1765-05-03, de Étienne François de Choiseul-Stainville, duc de Choiseul à Voltaire [François Marie Arouet].

Mon cher Suisse, l'on ne peut pas donner à présent la croix du mérite, parce que nous avons résolu de ne donner de notre orviétan qu'en 1768; l'on a remarqué avec raison que cette drogue était infiniment meilleure gardée que prodiguée.
Je vous écrirai sur cet objet une lettre de bureau.

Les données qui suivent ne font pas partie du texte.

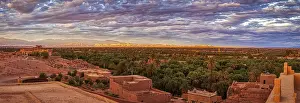 Desert Panorama Drucke: Dramatic desert panorama with oasis and mountains in the background at sunset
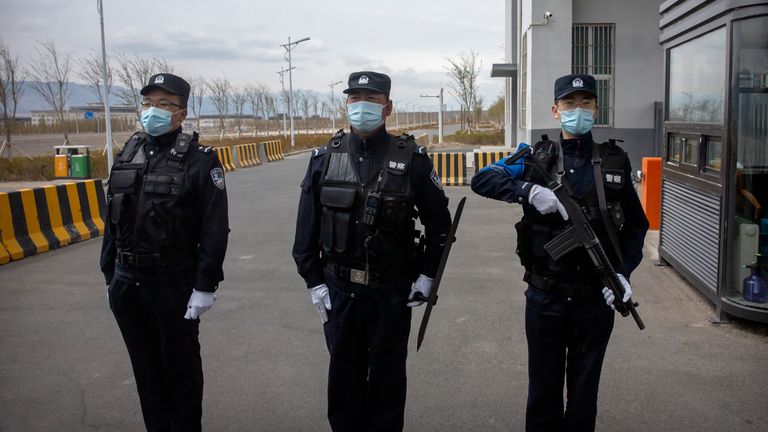 Police at the entrance of the Urumqi number three detention centre in Dabancheng in western China&#39;s Xinjiang Uyghur autonomous region. Pic: AP
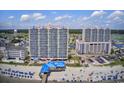 Aerial view of resort towers with beach access, pool, and beautiful waterfront setting at 3500 N Ocean Blvd. # 701 702, North Myrtle Beach, SC 29582
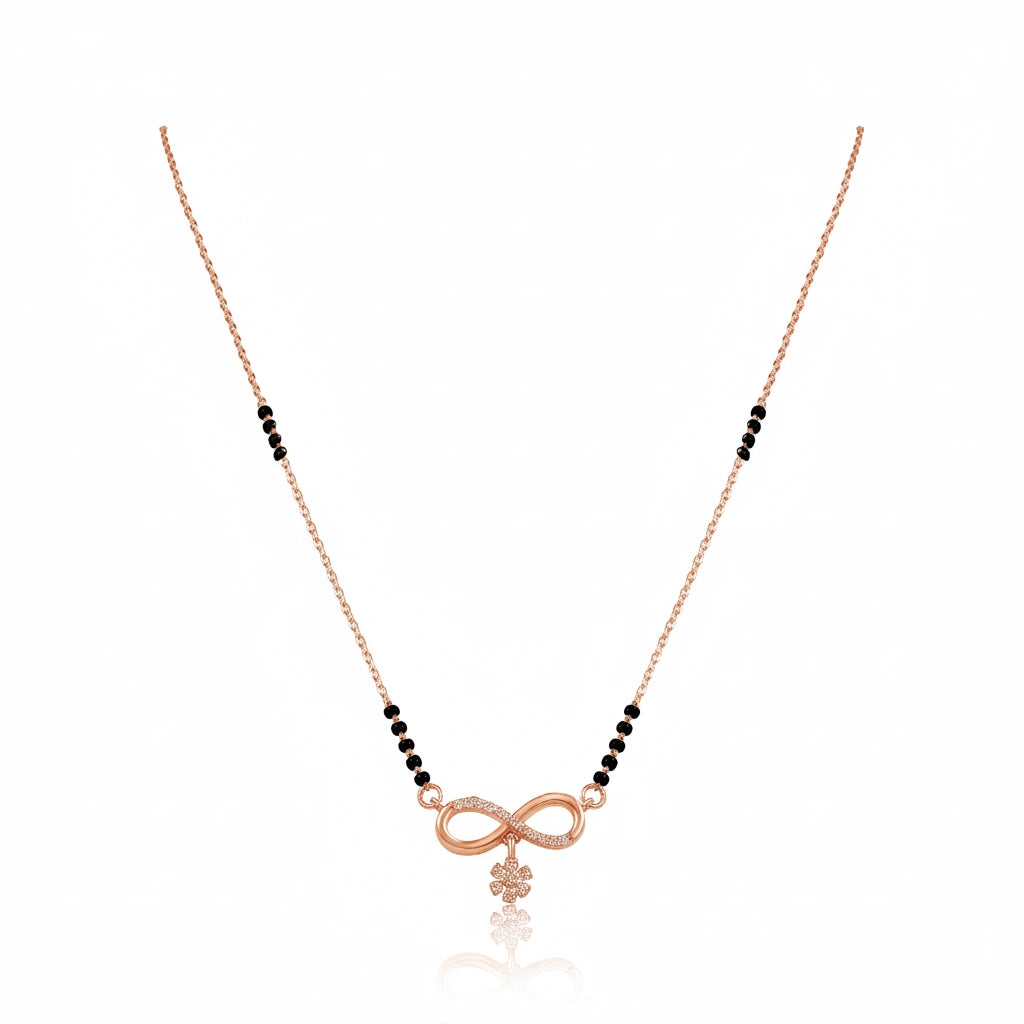 Rose gold infinity mangalsutra with black bead chain, diamond-studded infinity symbol and floral drop pendant on white background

Il est vrai que j'ai été trompé en partie sur Cayenne, non pas sur la bonté du sol, ni sur les moyens de le rendre utile et ses habitants heureux, mais sur la manière dont on a exécuté les plans les mieux combinés. Quoiqu'on en dise, mon cher Suisse, ce n'est pas la faute de l'administration si l'on ne se conduit pas à Kourou comme il a été combiné et ordonné à Versailles, et tous les philosophes de l'Europe, dont je veux bien être le protégé, ne me persuaderont pas qu'on doive respecter leurs avis quand ils condamnent d'une manière assez commune, quoique dogmatique, un événement dont ils ne connaissent ni le fondement ni la suite. Il est vrai que quand le grand philosophe d'Alembert a parlé, il faut se soumettre; il est encore plus vrai que son petit livre de la Destruction des Jésuites a quelques traits assez bien vus et passablement écrits; le reste est un composé de dictum et de plates plaisanteries, et principalement il règne dans les deux tiers du livre, je vous en demande pardon, cher Suisse, un ridicule affreux pour la philosophie qui se trouve le mobile de tout ce qui se passe dans le monde. La vanité du grand D'Alembert me pue au nez. Je ne sais pas pourquoi je vous entretiens de ce verbiage; je vous demande pardon, c'est que j'ai de l'humeur, et l'on ne se contraint pas avec ses amis, surtout quand ils vous gardent le secret.